Heute stelle ich dir ein schönes Buch vor, mit dem ich mich sowohl persönlich als auch im Rahmen meines Arbeitsbereiches Psychotherapie/Beratung beschäftigt habe.
Ulrike Hensel:
Mit viel Feingefühl. Hochsensibilität verstehen und wertschätzen.
Einblicke in ein gar nicht so seltenes Phänomen.
Paderborn 2013
Die Autorin
Ulrike Hensel studierte Angewandte Sprachwissenschaft, arbeitet selbstständig als Textcoach und Coach für Hochsensible. Selbst hochsensibel, ist es ihr ein tiefes Anliegen, Hochsensible in ihrem Selbstwertgefühl zu stärken.
Der Klappentext
„Hochsensibilität ist ein Thema, das alle angeht: 15 – 20 Prozent der Menschen zählen zu der Gruppe der Hochsensiblen; die anderen begegnen ihnen Tag für Tag.
Dieses Buch vermittelt Wissen, ermöglicht Erkenntnisgewinn – und gibt auch Rat. Sie finden heraus: Sind Sie hochsensibel? Ist Ihr Gegenüber hochsensibel? Was genau macht Hochsensibilität aus? Was bringt sie alles mit sich? Ulrike Hensel befasst sich mit den Auswirkungen der Hochsensibilität in den unterschiedlichen Lebensbereichen, von der Familie bis zum Beruf. Und sie vermittelt eine Vorstellung davon, wie man als hochsensibler Mensch gut mit sich zurechtkommt und wie ein erfreuliches Miteinander gelingen kann.“
Das Buch
Das Buch ist in sechs Kapitel unterteilt:
1. Sind Sie hochsensibel? Ist Ihr Gegenüber hochsensibel?

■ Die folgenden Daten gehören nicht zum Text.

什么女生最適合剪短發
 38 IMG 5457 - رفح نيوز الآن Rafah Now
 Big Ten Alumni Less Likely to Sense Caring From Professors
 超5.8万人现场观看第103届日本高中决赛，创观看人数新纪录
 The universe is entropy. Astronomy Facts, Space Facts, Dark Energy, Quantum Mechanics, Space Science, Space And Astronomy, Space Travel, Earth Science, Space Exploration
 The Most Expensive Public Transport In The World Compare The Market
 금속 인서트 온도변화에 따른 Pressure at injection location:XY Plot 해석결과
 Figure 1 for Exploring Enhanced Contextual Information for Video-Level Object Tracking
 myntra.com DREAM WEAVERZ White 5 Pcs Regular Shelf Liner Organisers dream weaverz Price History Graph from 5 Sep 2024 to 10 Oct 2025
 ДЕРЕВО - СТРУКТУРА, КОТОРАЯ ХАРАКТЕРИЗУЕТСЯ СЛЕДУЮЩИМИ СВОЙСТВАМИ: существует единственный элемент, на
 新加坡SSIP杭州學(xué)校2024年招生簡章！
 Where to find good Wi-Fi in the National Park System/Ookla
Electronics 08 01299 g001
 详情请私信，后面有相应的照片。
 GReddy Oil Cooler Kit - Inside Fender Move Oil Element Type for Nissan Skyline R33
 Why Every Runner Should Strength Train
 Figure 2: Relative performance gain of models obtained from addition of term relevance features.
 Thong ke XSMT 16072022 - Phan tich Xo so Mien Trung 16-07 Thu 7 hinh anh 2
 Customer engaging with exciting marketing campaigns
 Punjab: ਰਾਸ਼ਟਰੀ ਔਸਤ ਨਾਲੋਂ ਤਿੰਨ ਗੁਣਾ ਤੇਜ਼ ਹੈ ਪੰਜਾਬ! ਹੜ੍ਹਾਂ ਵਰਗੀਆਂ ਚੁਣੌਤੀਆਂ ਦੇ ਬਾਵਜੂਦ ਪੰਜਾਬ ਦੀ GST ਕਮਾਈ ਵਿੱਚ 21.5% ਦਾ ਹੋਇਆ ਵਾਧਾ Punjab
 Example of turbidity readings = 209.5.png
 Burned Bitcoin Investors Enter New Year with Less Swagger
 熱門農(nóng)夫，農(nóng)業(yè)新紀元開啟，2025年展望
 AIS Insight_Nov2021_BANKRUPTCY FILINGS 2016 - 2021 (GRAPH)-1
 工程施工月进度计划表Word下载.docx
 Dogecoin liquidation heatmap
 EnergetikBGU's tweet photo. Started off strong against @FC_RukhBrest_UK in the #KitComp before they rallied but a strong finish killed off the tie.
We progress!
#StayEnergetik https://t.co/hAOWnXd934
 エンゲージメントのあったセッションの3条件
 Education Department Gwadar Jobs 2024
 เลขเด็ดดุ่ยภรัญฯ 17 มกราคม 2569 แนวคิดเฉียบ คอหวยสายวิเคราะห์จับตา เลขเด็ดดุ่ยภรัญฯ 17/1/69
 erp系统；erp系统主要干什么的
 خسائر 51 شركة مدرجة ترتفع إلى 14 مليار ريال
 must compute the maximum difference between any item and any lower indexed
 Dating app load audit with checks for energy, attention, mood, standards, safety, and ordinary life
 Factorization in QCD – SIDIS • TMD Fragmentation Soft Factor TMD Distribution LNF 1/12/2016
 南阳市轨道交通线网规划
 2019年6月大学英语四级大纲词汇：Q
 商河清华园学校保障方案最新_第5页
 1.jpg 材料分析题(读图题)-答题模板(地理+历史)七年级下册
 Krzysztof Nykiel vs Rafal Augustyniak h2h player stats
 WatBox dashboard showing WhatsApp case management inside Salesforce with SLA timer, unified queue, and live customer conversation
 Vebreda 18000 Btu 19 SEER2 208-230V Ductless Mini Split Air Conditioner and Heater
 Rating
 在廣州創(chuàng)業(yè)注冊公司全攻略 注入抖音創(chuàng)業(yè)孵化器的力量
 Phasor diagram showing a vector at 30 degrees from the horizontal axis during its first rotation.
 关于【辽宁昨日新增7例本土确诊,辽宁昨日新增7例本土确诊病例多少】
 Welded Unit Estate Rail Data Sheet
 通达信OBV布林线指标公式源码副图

Hier geht es um dich selbst, dein Gegenüber und das Erkennen und Ausgleichen von Differenzen.
2. Was bedeutet Hochsensibilität?
Das zweite Kapitel beschäftigt sich mit dem Begriff der Hochsensibilität und beschreibt diesen in der Erbanlage begründeten Wesenszug näher. Es geht um ein sensibles Wahrnehmen mit allen Sinnen, um Sensibilität in hohem Maße, um Belastung und Befähigung, um Facetten der Hochsensibilität, das weite Feld der Spiritualität und der Tatsache bzw. Notwendigkeit, dass Hochsensible gut für sich sorgen müssen.
3. Hochsensibel als Kind in der Familie
Im dritten Kapitel untersucht Ulrike Hensel Phänomene wie: früher Kind, jetzt Mutter oder Vater; geringes Selbstwertgefühl und mangelndes Zugehörigkeitsgefühl; erschüttertes Vertrauen; die Last schwieriger Familienverhältnisse und die Reflexion und Neubewertung der Vergangenheit im Sinne des Reframing. Sie fragt danach, was hochsensible Kinder brauchen und stellt hilfreiche Konzepte für eine feinfühlige Erziehung vor. Es geht um die Stärkung des Selbstwertgefühls, das Achten von Empfindungen und Aufrichtigkeit, die mögliche Reduktion von Überreizung, die liebevolle Hilfe beim Überwinden von Hürden und die Herausforderung Schule. Das Kapitel endet mit dem Unterpunkt „ Hochsensibilität hat dem Kind viel zu bieten“.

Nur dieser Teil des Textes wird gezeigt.